So, I've been tossing this around for 2 years now. Do I purcha$e a super fat tire snow bike? Do I really need 'another bike?' I have a Trek Hard Tail dedicated to winter riding. It has 'monster' 2.3 studded knobbies that stay on the bike year round. I can ride across any ice, ice that you couldn't walk on safely. However I can't ride in deeper snow, I can't get enough traction. This year when I raced in "Triple D" and me and all the other mountain bikers pushed our bikes through 12" of snows for miles and miles until exhaustion took us out one by one, while the true snow bikes rode by us, made it to the turn around point and rode past us pushers again.
First I looked at the Surly Pugsley, a steel bike, then Salsa came out with the MukLuk, a aluminium snow cruiser. Surly and Salsa are owned by the same parent company.

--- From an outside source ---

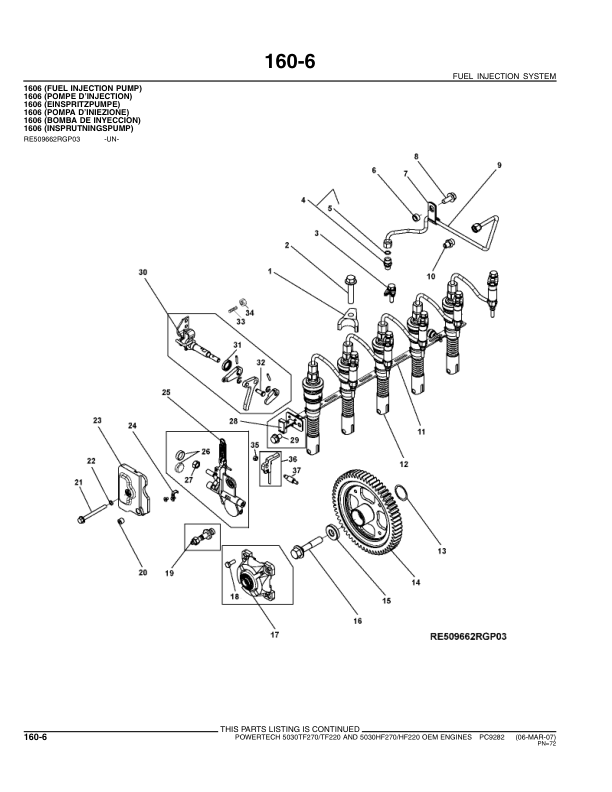 John Deere 5030 PowerTech Engine Parts Catalog PC9282 - Image 19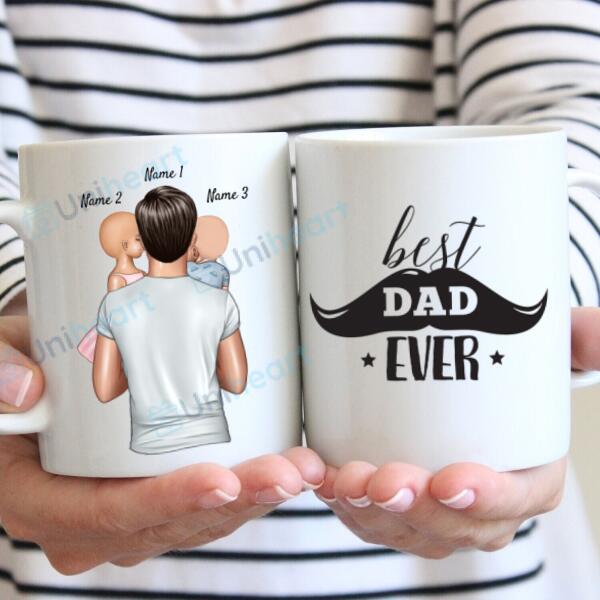 Dad with Children - Personalized Mug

Lance Andre race director of Colesburg 40 and Triple D every year, and one of the better snow riders in the country has tried to convince me to bike the "FatBike" made by Speedway, a bike shop in Alaska. He rides the TI version of the FB and now they make an aluminium version.
I started inquiring about these three versions, and the first thing I found out the tires, that make these bikes the snow bikes that they are, were on all back order.
This concerned me with only one company making these tires.
So my first quest was to see if I could find someone with these tires in stock. Well I found them, after searching for 2 days on the Internet. The Larry Tire is designed for the front and the Endomorph is designed for the rear. Here they are sitting in my dining room. Well I guess if I bought the tires means I gotta now buy the bike.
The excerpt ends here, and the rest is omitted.